3. Results and discussion

In this study, our research identified blue and green infrastructure using a dataset including 57,221 data points, and a random forest classification model was carefully developed in Python. The intricacies of the model's accuracy are systematically presented and quantified in Table 2, providing a comprehensive insight into its performance. After the model evaluation, the calculation of SHAP values for every classification was done as a deeper level of analysis. This detailed analysis provided significant information about the contributing factors affecting the classification results. The subsequent exploration of these SHAP values culminated in the computation of mean SHAP values, an aggregation that provides a consolidated perspective across all three classification categories.

Class	Precision	Recall	f1-score	Support
Deep Green	0.97	0.96	0.97	7166
Green	0.96	0.96	0.96	4975
Blue	0.99	0.98	0.99	5026
accuracy			0.97	17167
macro avg	0.97	0.97	0.97	17167
weighted avg	0.97	0.97	0.97	17167

Table 2. Shows the classification report for random forest classifier

The graphical representation of mean SHAP values in Figure 4 presents interesting information about how specific spectral bands play an important role in the classification process. Bands B8A, B5, B7, B3, B6, and B12 show as essential contributors, each with an identifiable weight in influencing classification outcomes. Of particular significance is band B8A's prominence, which has been identified as the most important among the factors considered, emphasising its significant role in the overall classification framework. This thorough research not only improves our understanding of the model's fundamental workings, but it also provides insight into the spectral properties that play an important role in accurately distinguishing between blue and green infrastructures.
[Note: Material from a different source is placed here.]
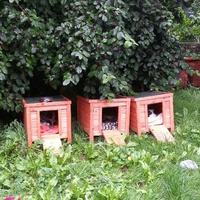 photo de livraison pour Chaperlipopette 77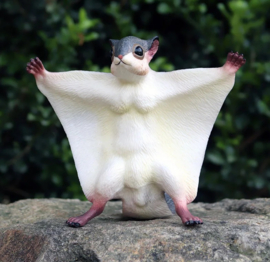 Flying squirrel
**Figure 4.** *Shows the output for mean SHAP value random forest classifier*

Figure 4 illustrates how taking a deeper understanding of the SHAP values within each class reveals unique spectral characteristics that are essential to the identification method. The SHAP values highlight the fundamental significance of bands B8A, B7, B6, and B8 within the Deep Green class. These particular spectral bands show evident as significant contributors, defining the subtle qualities that set Deep Green infrastructure apart in the sample. In the green class, bands B8A, B5, B4, and B3 play a crucial role, as indicated by the SHAP values. The key determinants that characterise and define the green infrastructure class are all of these spectral bands considered altogether. In this particular context, the small variations that the SHAP values provide offer important new understandings of the different spectral fingerprints associated with green infrastructure.

**Figure 5.**Bee swarm plot for bands for deep green, green, and blue categories. The gradient colour of the dots represents the band's value transitioning from low (blue) to high (red). The input variables are arranged on the y-axis according to their relevance, with the most influential variables at the top. The SHAP value on the x-axis represents the chance of being predicted as the target's textural class. The higher the SHAP value, the greater the likelihood.
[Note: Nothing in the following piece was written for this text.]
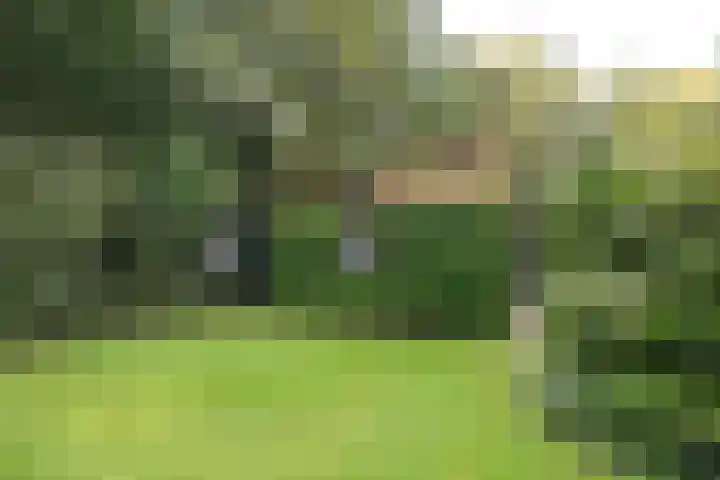Surinamelaan 5 Hilversum thumbnail 12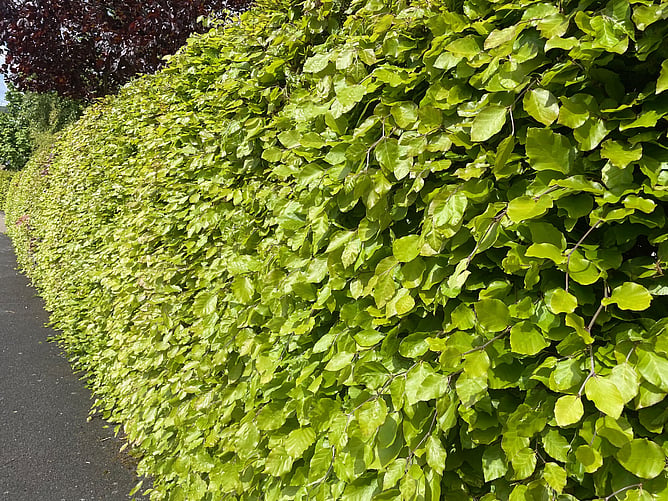 Fagus Sylvatica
In the blue class, a specific set that comprises important bands resulted. The SHAP values in this case clearly show that band B5 is the most important factor in the classifying method. In addition, bands B4, B3, and B12 are important in identifying characteristics distinctive to the blue class. This thorough analysis highlights how crucial each spectral band is to capturing the unique characteristics of blue infrastructures in the dataset.
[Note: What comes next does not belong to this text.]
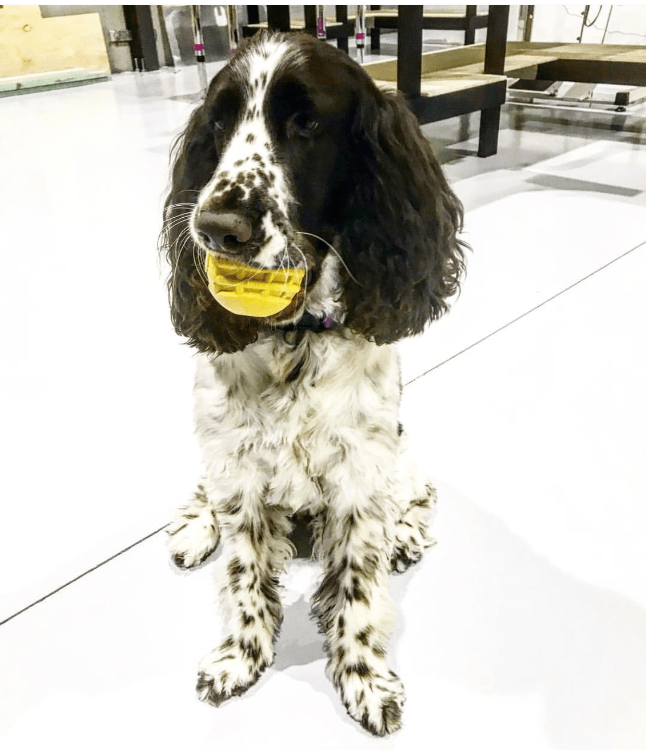 Dog Chew Toy Industrial Ball Yellow Rubber Heavy Chewer USA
In addition to improving our comprehension of the spectral characteristics influencing categorization results, the detailed examination of SHAP values within each class allows for a focused and knowledgeable appraisal of the key bands or factors in each infrastructure category—Deep Green, Green, and Blue. This thorough spectral categorization offers an accurate understanding for improving the model and enhancing our understanding of the complex relationship between infrastructure classification and spectral bands.

3.1. Class: Blue (water) and related infrastructure

**Figure 6.** *Waterfall plot for SHAP values for the Class - Blue (water) and related infrastructures*

In Figure 6, Bands B5, B4, and B2 are negatively correlated to the water features with the values -0.44, -0.1, and -0.06, respectively, which are in the INR and visible ranges. The remaining bands exhibit positive correlation in the SHAP values. From the figure, it is also visible that water primarily reflects electromagnetic radiation in the visible range (Band B2 – B4). However, since water reflects very little in the NIR range (B5), the SHAP negative values are higher in B5.

3.2. Class: Deep green (Big Trees and Forest) and related infrastructure

**Figure 7.** *Waterfall plot for SHAP values for the Class - Deep green (Big Trees and Forest) and related infrastructures*

In Figure 7, all bands except B9 are found positively correlated for trees and forest class identification. In vegetation, a significant reflectance increment happens in the red-edge bands (B5, B6, B7) and NIR bands (B8, B8a), compared with the red band (B4). The Red Edge Band is sensitive to changes in the chlorophyll content of plants, which can help distinguish between different types of vegetation. The Near-Infrared (NIR) Bands (B6 – B8) are highly reflective for vegetation. They are sensitive to the structure of plant leaves and canopies. That is why they are showing positive correlation in the SHAP values. The Shortwave-Infrared (SWIR) Bands (B8 – B12) are sensitive to the water content of plants. That is why B12 and B11 are also showing positive SHAP values in the figure.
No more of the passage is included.